Des femmes, la tête recouverte d'un foulard, souvent un bouquet de fleurs ou un cierge allumé à la main, des hommes de tous âges, en costume sombre, certains venus de régions reculées de Russie : une foule compacte et recueillie a assisté mercredi aux funérailles d'Alexandre Soljenitsyne.

Les forces de l'ordre déployées en nombre au monastère Donskoï de Moscou ne sont pas parvenues à contenir les centaines de personnes présentes lorsque le cortège funèbre s'est ébranlé, vers 12 h 30, hors de la Grande cathédrale en briques d'un rouge très clair et aux bulbes noirs vers le cimetière, à une centaine de mètres de là.
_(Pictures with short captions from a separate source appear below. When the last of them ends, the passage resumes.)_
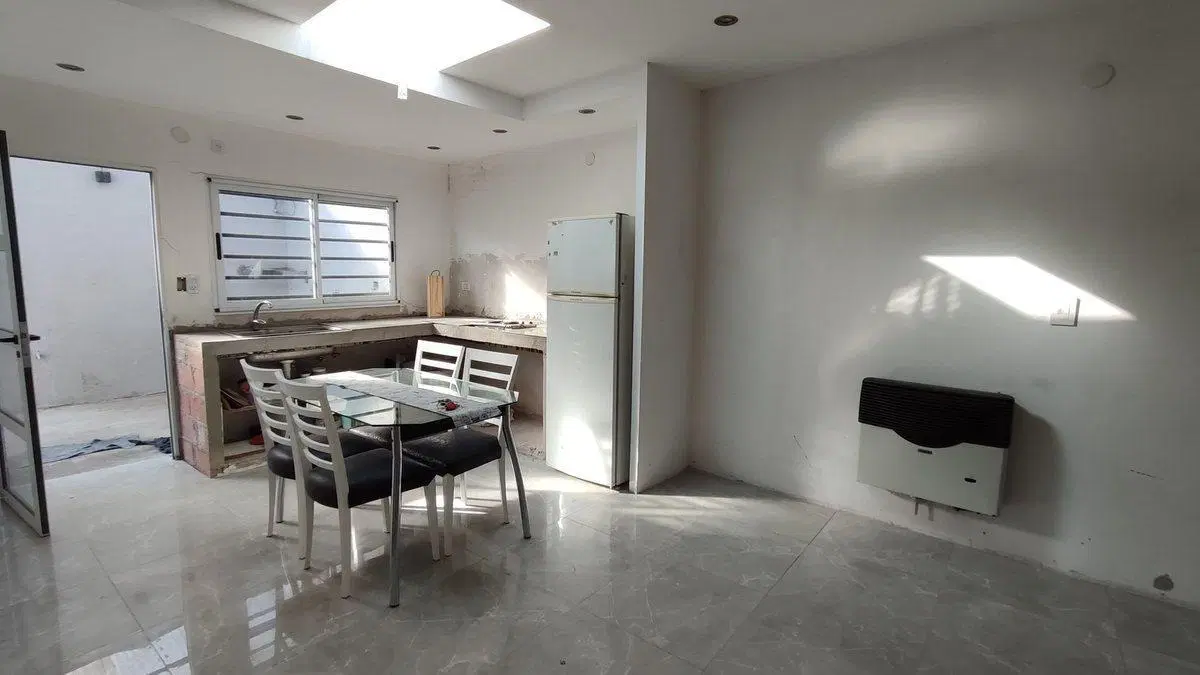 CASA MAS DEPOSITO MAS 2 DEPARTAMENTOS  VENTA LOMAS 2
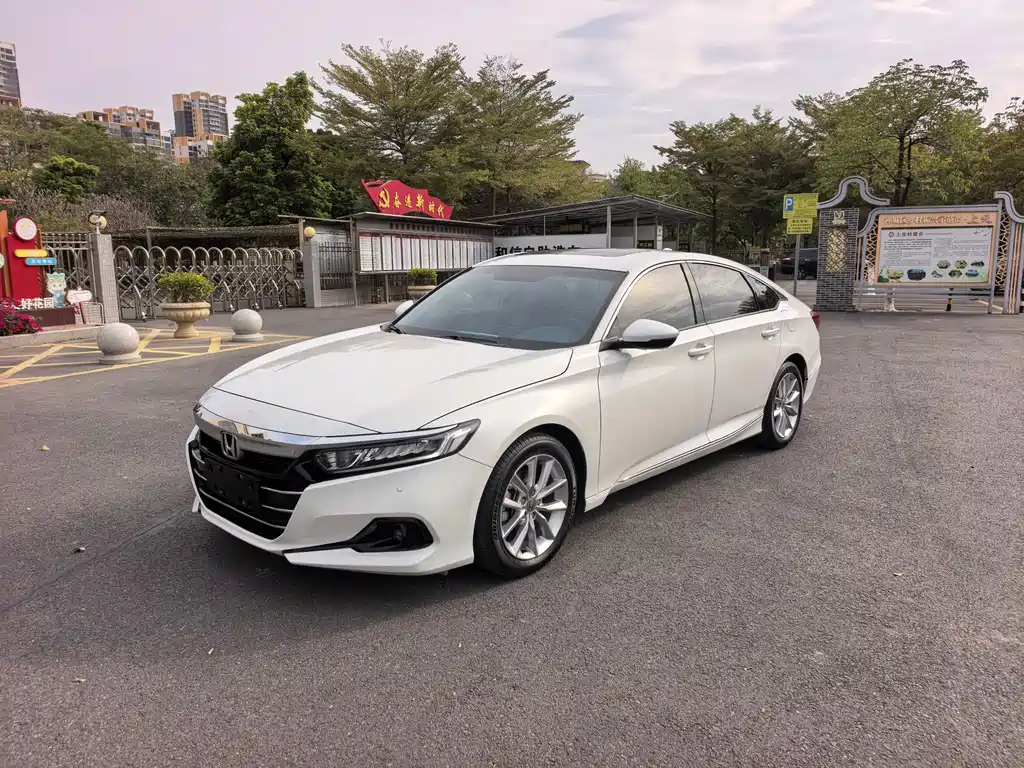 Honda Accord 2022 — фото 1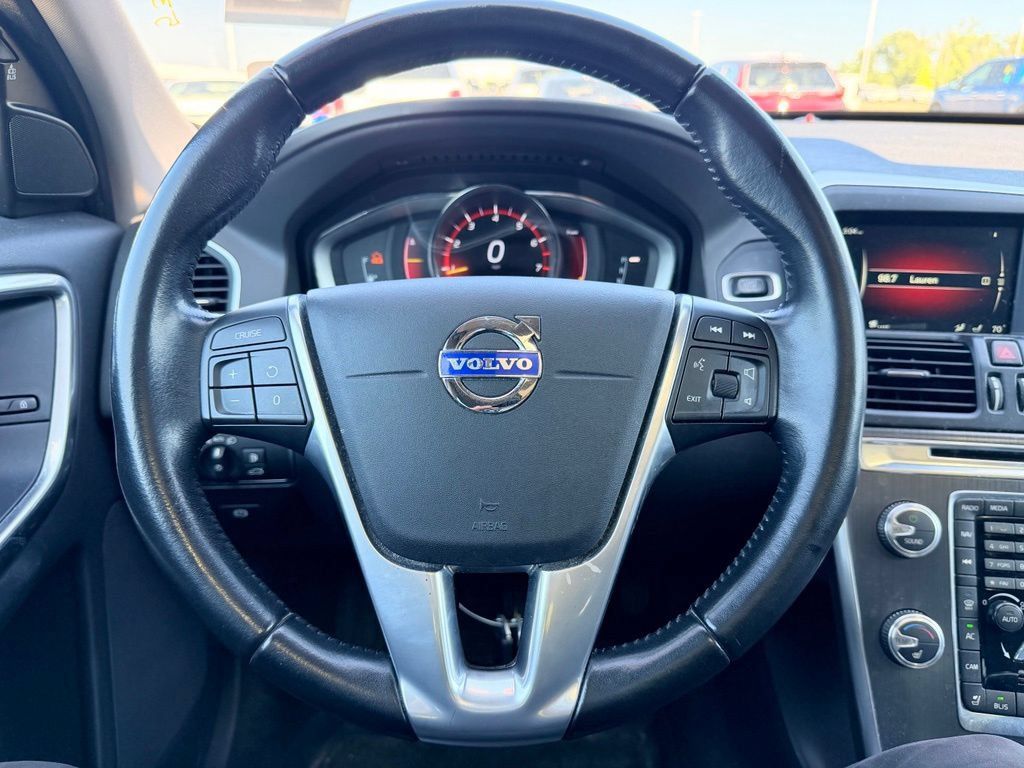Used 2016 Volvo XC60 T5 Premier w/ Proximity Package AWD/4WD image 14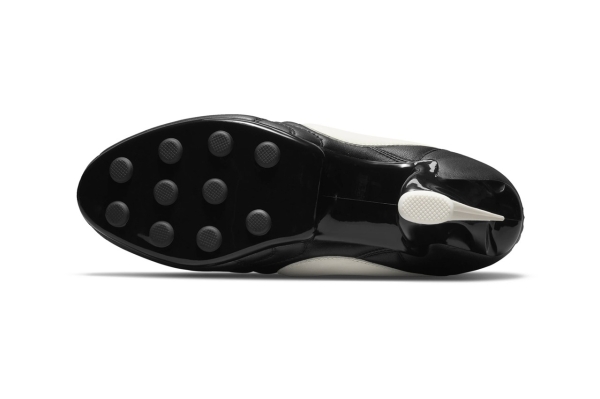 Comme des Garçons и Nike представили футбольные кроссовки на каблуке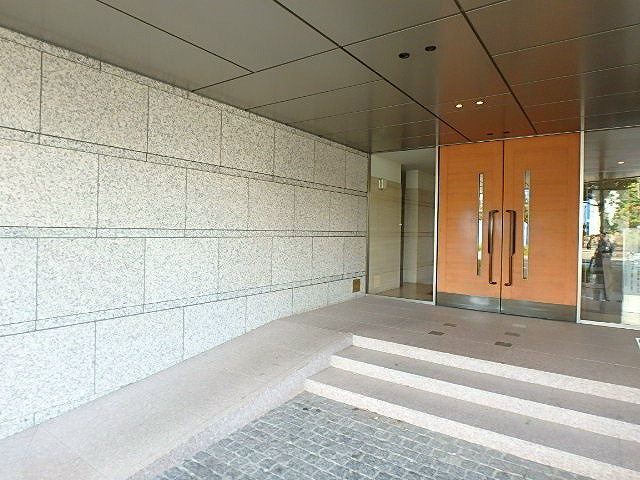 LANAI　T　GARDEN エントランス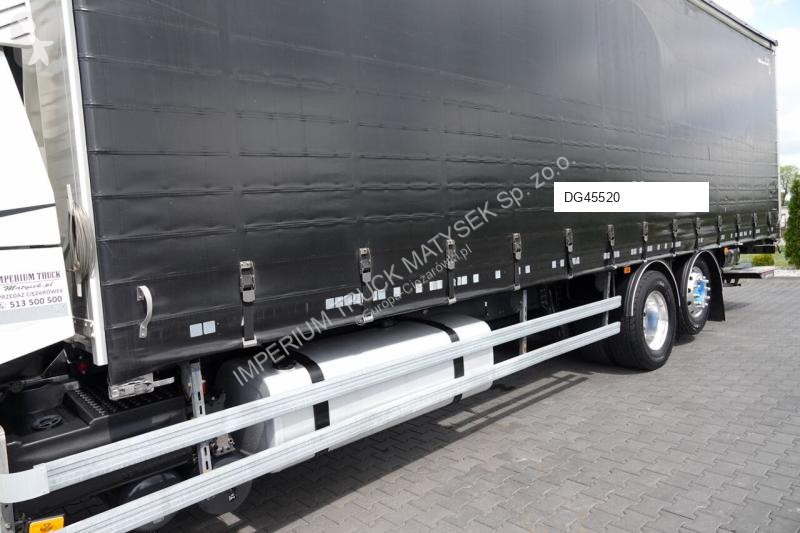 Camion Renault T 440 / 6X2 / SOLÓWKA / FIRANKA...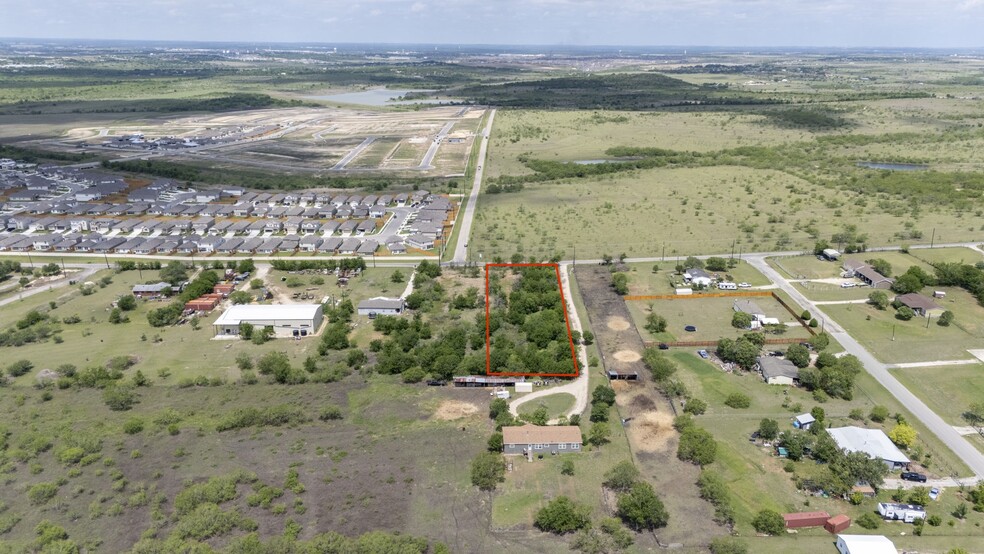 788 Williamson Rd, Niederwald, TX à vendre - Photo de l’immeuble – Image 2 sur 12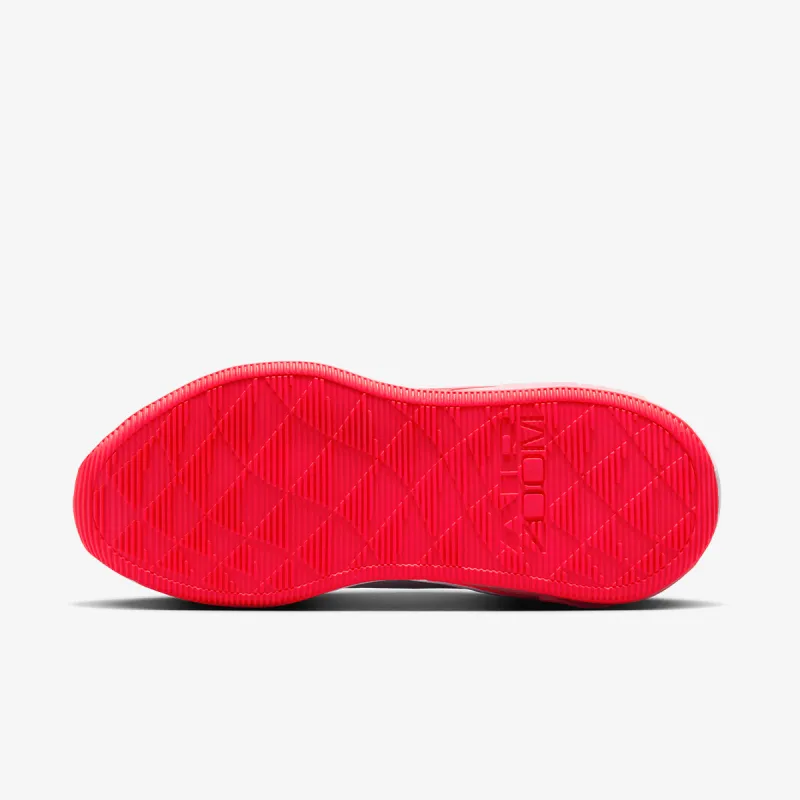 Nike Air Zoom Bella 7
Au son des chants liturgiques et dans une forte odeur d'encens, un soldat tenant un portrait en noir en blanc de l'écrivain a précédé dix de ses camarades portant des gerbes de roses, suivis d'une cohorte de religieux orthodoxes, et du cercueil escorté par quatre militaires, baïonnette au canon et levant bien haut les jambes.

Une dame âgée s'est alors figée, s'exclamant «Seigneur!», tandis qu'une petite fille agitait un ours en peluche dans les bras de sa grand-mère.

Une bourrasque de vent s'est mise à souffler sur l'assistance, sous un ciel toujours menaçant.

Jusqu'à cet instant précis, la foule avait patiemment attendu, dans le silence le plus complet, que le service religieux se termine à l'intérieur de la Grande cathédrale, où la dépouille d'Alexandre Soljenitsyne reposait entre deux gigantesques colonnes, au milieu des abondantes dorures des icônes, un immense lustre suspendu au-dessus d'elle.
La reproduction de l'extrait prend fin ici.